The plaintiff Bruyere further contends, however, that notwithstanding the validity of the exceptions relied upon when taken, they cannot be considered by us for the reason that defendants made no motion to pass the cases, relying on Horaho v. Wanelik, 56 R.I. 193. There, at page 205 without reference to the basis for the exceptions, this court stated:
"Defendants' thirteenth and fifteenth exceptions are without merit, as the trial justice granted their motion to strike out the testimony objected to, and, at their request, expressly charged the jury to disregard it and to erase it from their memory in the consideration of their verdict.
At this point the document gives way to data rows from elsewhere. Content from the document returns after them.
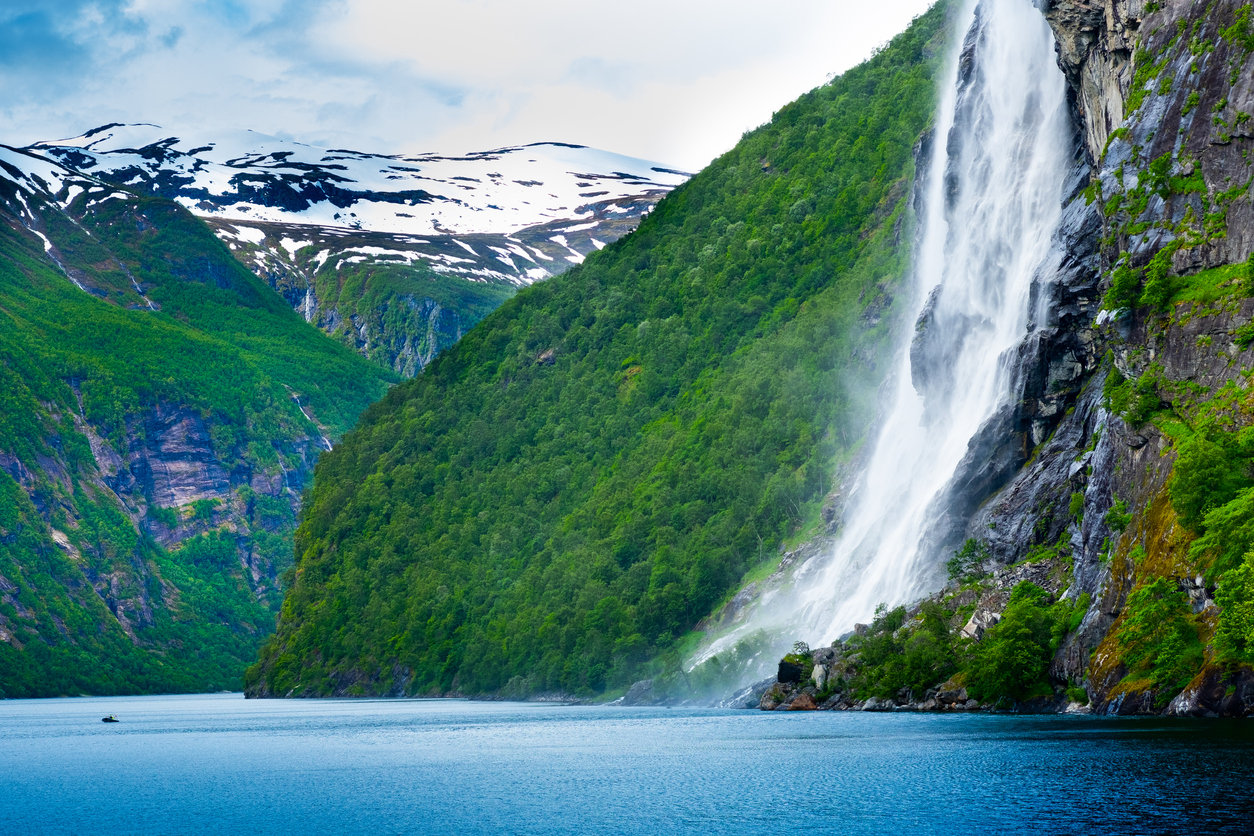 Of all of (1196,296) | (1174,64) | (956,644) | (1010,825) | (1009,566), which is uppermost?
(1174,64)

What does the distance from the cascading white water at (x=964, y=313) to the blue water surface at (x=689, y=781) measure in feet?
89.6

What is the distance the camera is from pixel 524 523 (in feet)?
612

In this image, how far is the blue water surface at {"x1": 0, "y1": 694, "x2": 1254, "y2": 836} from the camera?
40.5 m

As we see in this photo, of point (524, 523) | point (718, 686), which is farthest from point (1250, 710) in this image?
point (524, 523)

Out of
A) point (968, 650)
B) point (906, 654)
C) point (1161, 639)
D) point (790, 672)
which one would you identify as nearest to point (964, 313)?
point (790, 672)

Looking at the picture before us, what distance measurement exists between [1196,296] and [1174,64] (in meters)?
17.6

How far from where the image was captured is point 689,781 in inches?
2095

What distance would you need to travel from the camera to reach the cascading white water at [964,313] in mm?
103875

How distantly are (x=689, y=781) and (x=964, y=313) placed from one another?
69.5m

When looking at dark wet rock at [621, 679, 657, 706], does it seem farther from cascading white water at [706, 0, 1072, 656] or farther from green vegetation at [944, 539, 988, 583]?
green vegetation at [944, 539, 988, 583]

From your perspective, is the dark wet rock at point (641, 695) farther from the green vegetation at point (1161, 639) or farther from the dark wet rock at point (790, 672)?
the green vegetation at point (1161, 639)

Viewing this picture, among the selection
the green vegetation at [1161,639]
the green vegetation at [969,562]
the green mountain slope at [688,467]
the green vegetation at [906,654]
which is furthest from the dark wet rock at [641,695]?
the green vegetation at [1161,639]

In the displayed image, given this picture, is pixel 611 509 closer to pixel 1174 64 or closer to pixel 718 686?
pixel 718 686

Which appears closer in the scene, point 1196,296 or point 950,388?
point 1196,296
The defendants cannot justly claim more than this unless the testimony objected to was so seriously prejudicial as to warrant a finding of a mistrial."
In the instant cases, however, we have concluded that the motions to strike were not granted and, if the Horaho case stands for the proposition that a motion to pass must be made and denied, the cases are readily distinguishable.
More than 40 per cent of plaintiff Bruyere's cases consisted of inadmissible evidence of the most prejudicial nature given prior in time to any testimony relative to the collision and we are constrained to hold that the jury could not reasonably be expected to erase from their minds the impressions they received of decedent's condition. They may well have been so improperly influenced as to give to plaintiff Bruyere's account of the collision a conception completely different from that which would have otherwise been the case.
In Marley v. Providence Journal Co., 86 R.I. 229, and citing cases in this jurisdiction, we held that where the evidence which was the subject of an exception may have had a controlling influence on the material aspect of the case, the error was one by which the losing party was prejudiced and, if the court is convinced on the record before it that the objectionable evidence did have a natural tendency to affect the fairmindedness of the jury, only a new trial can cure it. The circumstances of the instant cases are such, in our judgment, as to require new trials in all cases.
Exceptions numbered 5 through 15 and exception numbered 31 of the defendants Samuel A. Castellucci, Administrator, and Castellucci and Sons, Inc., and of the plaintiff Castellucci Sons, Inc., are sustained, and each case is remitted to the superior court for a new trial.